*** Opening of EXERCISE INPUT ***

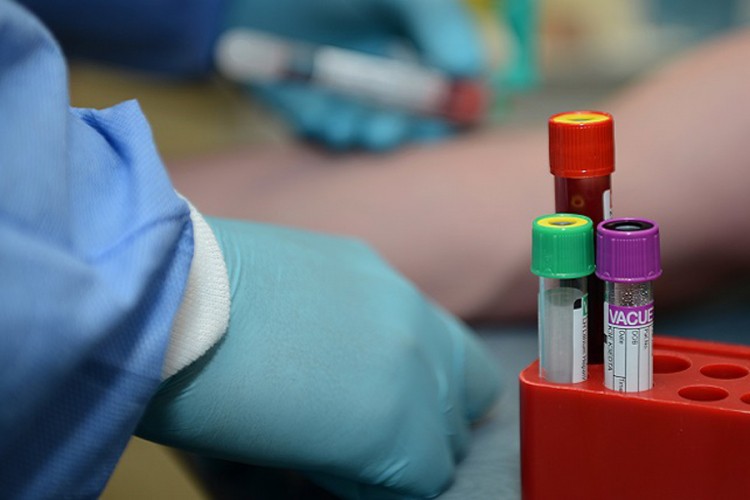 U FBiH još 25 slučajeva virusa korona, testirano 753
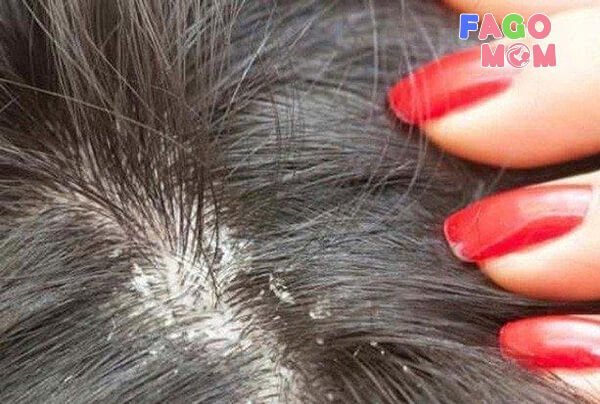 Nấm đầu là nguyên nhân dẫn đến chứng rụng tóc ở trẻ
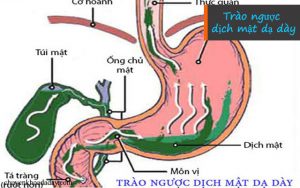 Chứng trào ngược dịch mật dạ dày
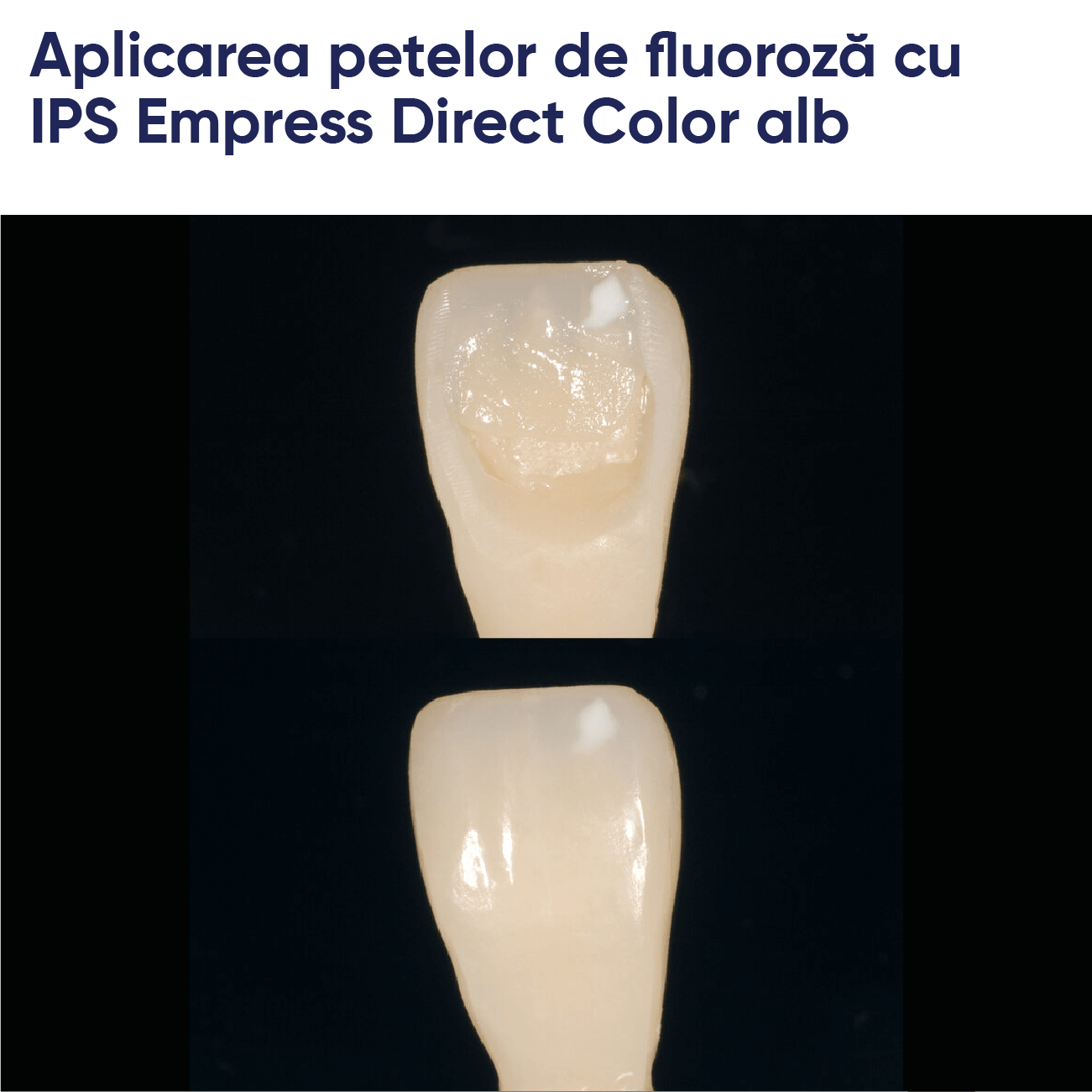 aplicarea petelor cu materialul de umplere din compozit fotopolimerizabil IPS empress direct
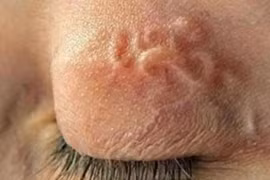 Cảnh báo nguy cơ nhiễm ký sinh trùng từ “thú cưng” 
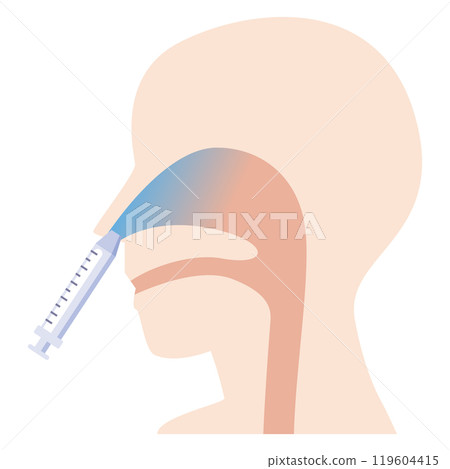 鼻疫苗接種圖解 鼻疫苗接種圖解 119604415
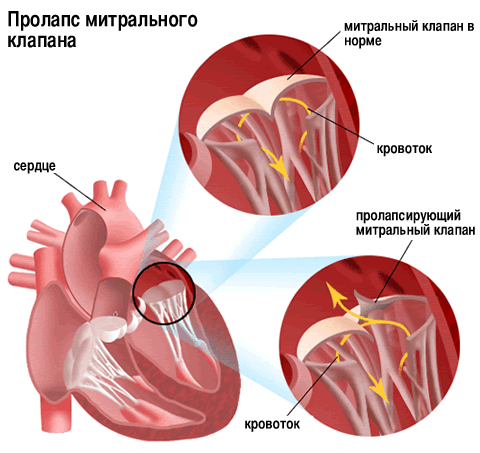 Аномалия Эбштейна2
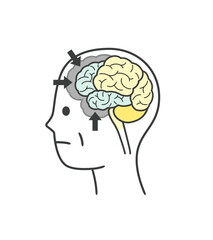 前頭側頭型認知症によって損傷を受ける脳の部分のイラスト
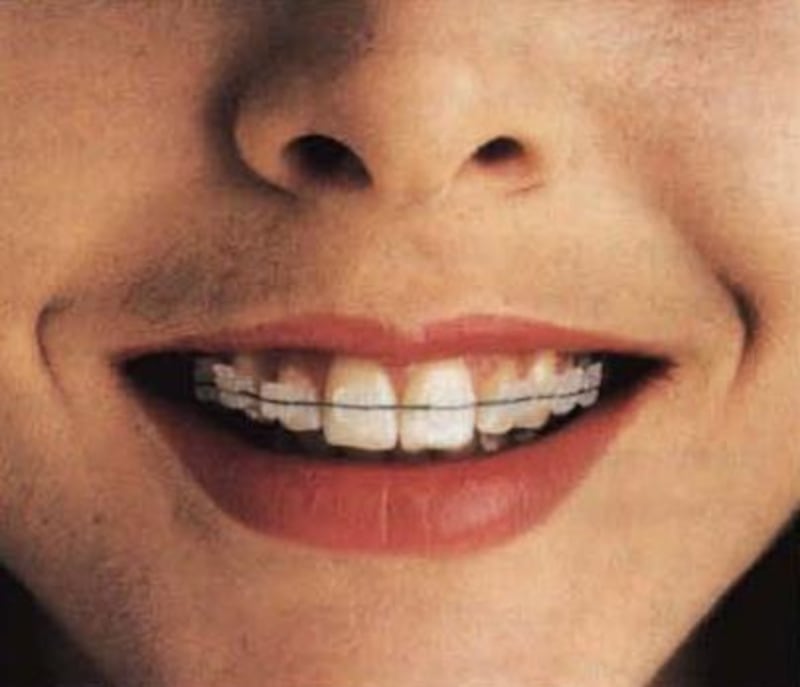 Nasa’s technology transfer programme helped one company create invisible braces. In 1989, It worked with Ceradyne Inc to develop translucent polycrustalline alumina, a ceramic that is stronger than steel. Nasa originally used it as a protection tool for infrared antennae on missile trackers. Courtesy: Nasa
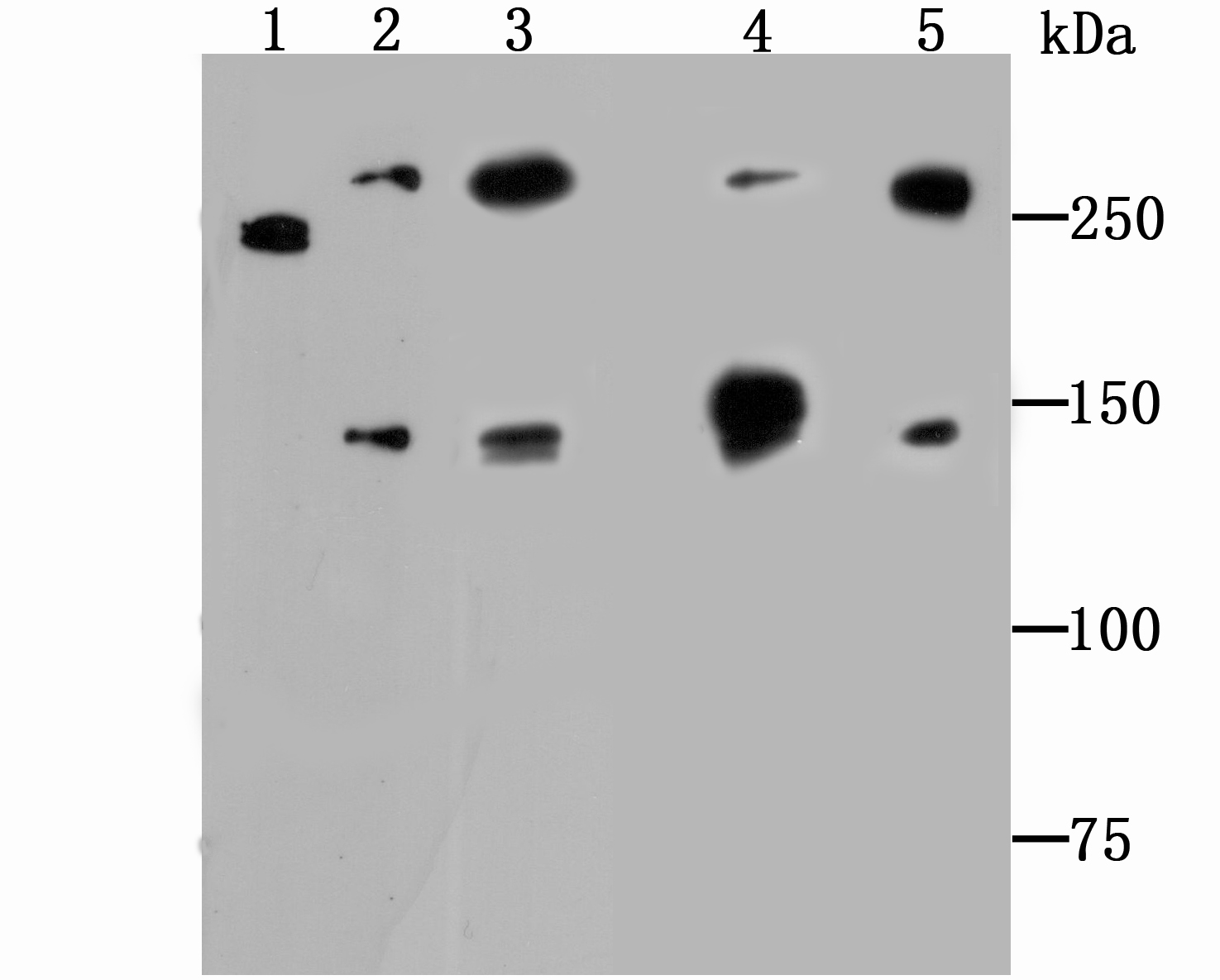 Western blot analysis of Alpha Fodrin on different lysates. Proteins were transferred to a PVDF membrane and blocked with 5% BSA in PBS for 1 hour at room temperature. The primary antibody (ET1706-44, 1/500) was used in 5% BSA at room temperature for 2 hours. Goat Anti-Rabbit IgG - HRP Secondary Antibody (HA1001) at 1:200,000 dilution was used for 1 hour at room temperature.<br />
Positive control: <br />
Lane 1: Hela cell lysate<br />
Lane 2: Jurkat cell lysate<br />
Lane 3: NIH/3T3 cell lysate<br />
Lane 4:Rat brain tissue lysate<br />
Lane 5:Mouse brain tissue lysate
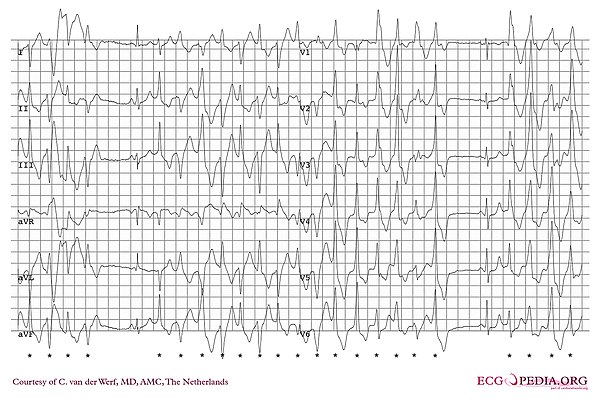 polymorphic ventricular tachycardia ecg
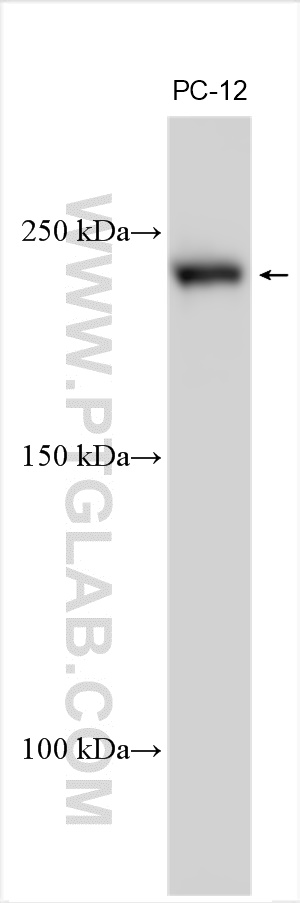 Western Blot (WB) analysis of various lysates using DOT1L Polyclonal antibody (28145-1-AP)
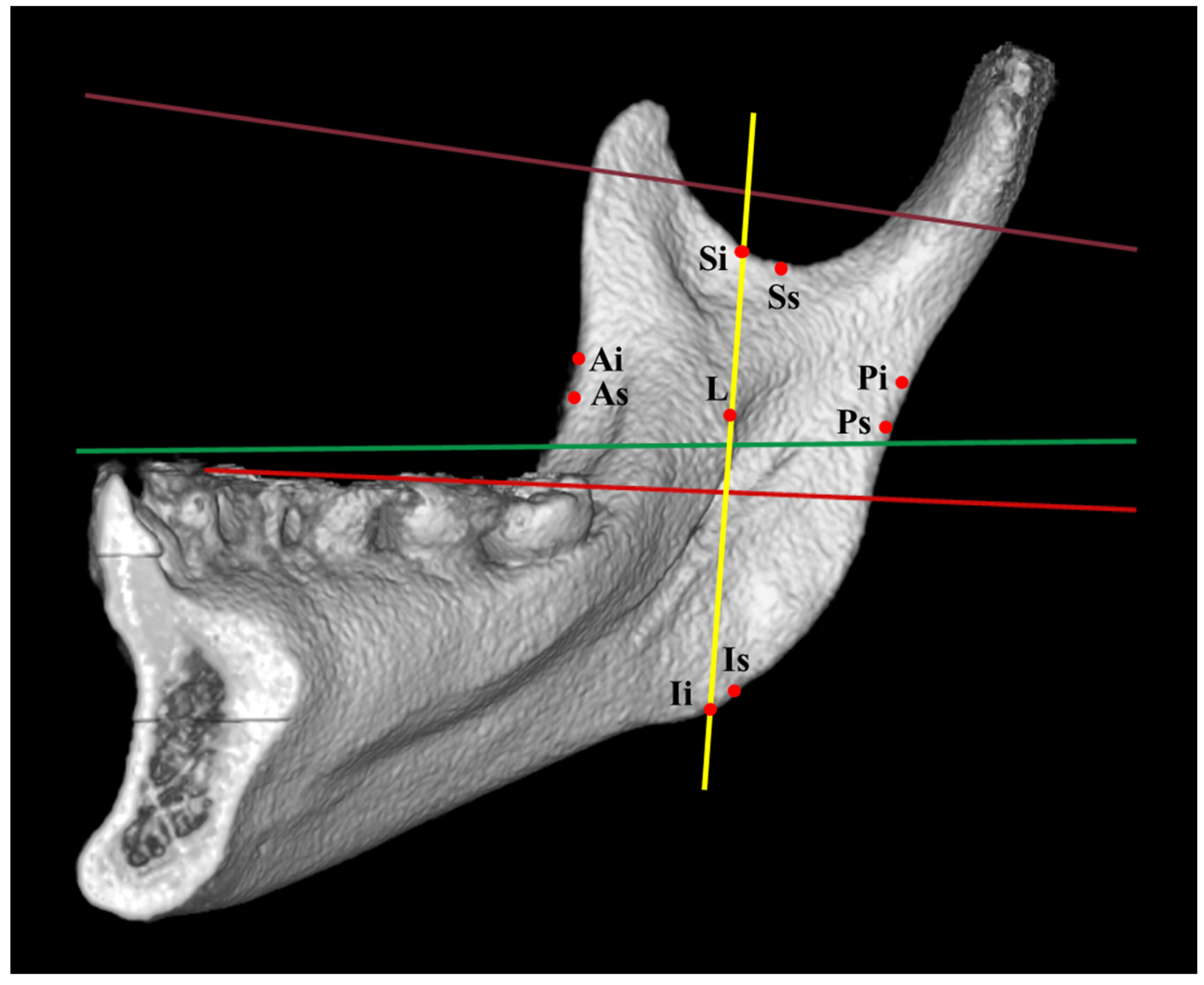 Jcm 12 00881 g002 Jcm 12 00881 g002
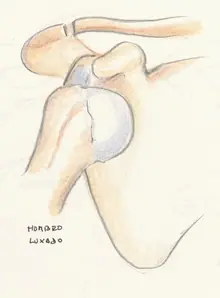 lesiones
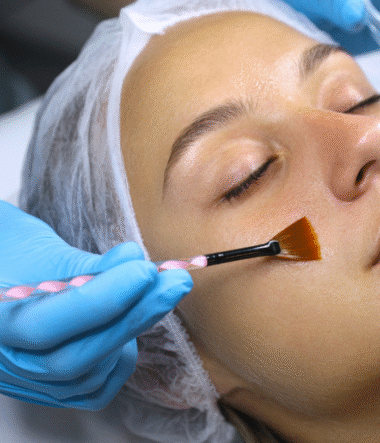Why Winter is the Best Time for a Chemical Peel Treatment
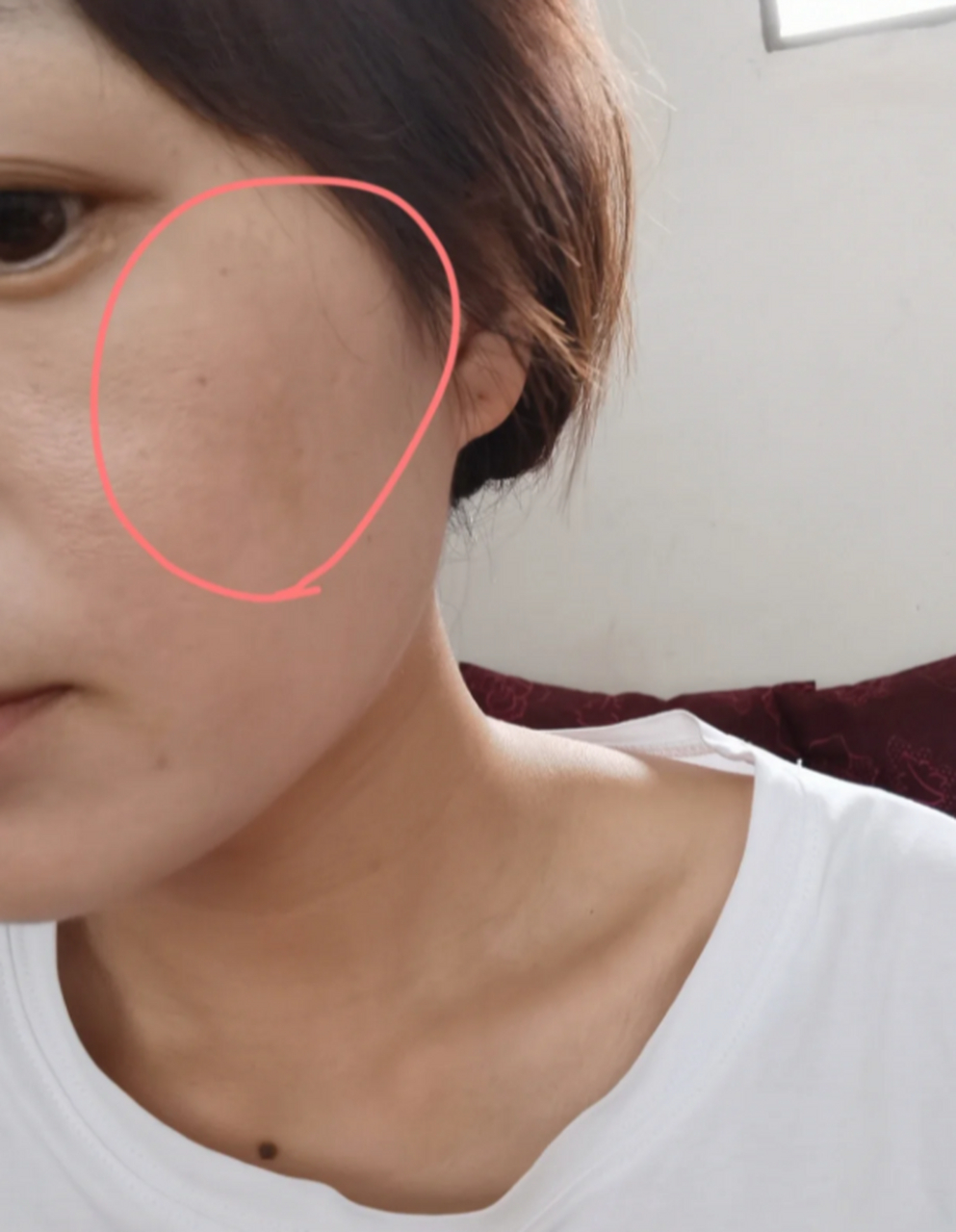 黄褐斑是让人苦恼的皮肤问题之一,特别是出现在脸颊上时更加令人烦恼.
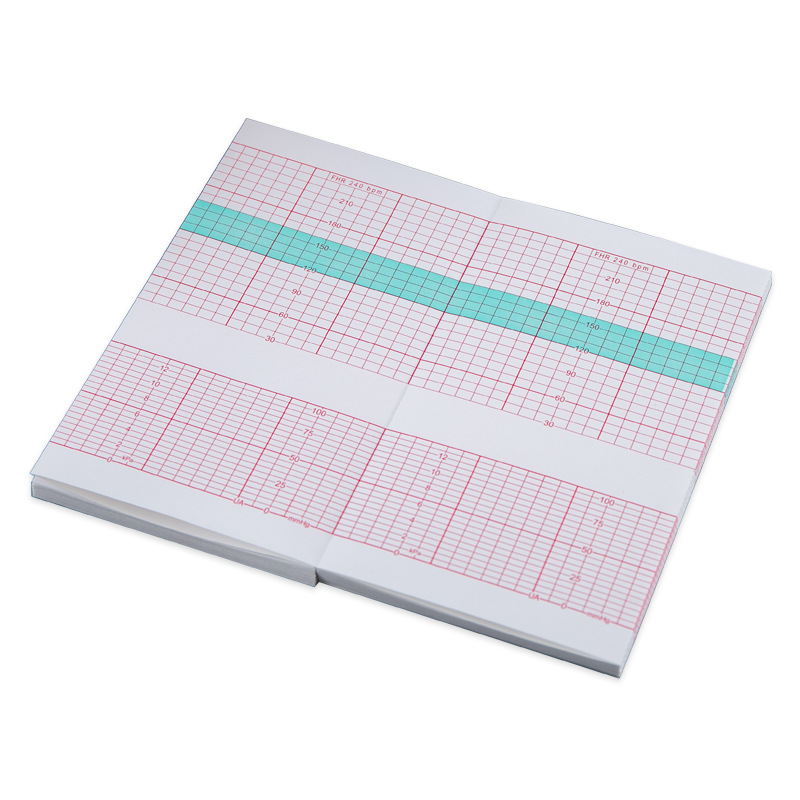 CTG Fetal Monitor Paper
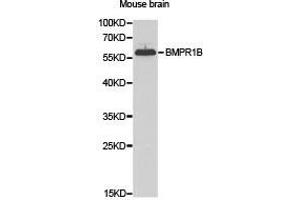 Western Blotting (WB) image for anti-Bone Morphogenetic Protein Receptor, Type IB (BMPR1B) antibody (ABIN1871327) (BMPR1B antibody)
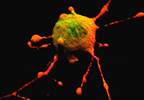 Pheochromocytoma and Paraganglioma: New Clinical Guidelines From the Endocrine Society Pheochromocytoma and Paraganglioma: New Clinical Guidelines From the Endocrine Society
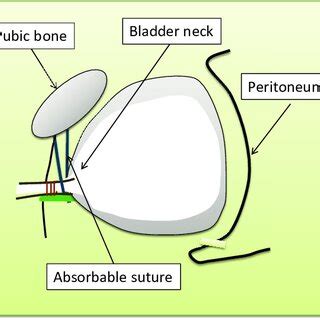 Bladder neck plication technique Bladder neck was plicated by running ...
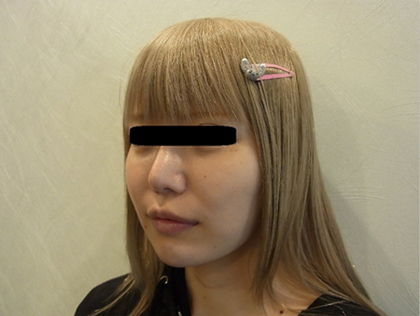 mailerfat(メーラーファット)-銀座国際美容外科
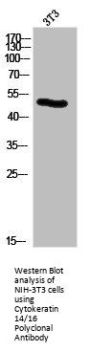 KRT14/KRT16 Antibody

*** Close of EXERCISE INPUT ***

**WHAT IS BEING ASKED**
Leave out any pictures and return exactly the lines from the beginning of the data through the line with "Nasa’s technology transfer", inclusive.

**EXERCISE SOLUTION**
 U FBiH još 25 slučajeva virusa korona, testirano 753
 Nấm đầu là nguyên nhân dẫn đến chứng rụng tóc ở trẻ
 Chứng trào ngược dịch mật dạ dày
 aplicarea petelor cu materialul de umplere din compozit fotopolimerizabil IPS empress direct
 Cảnh báo nguy cơ nhiễm ký sinh trùng từ “thú cưng” 
 鼻疫苗接種圖解 鼻疫苗接種圖解 119604415
 Аномалия Эбштейна2
 前頭側頭型認知症によって損傷を受ける脳の部分のイラスト
 Nasa’s technology transfer programme helped one company create invisible braces. In 1989, It worked with Ceradyne Inc to develop translucent polycrustalline alumina, a ceramic that is stronger than steel. Nasa originally used it as a protection tool for infrared antennae on missile trackers. Courtesy: Nasa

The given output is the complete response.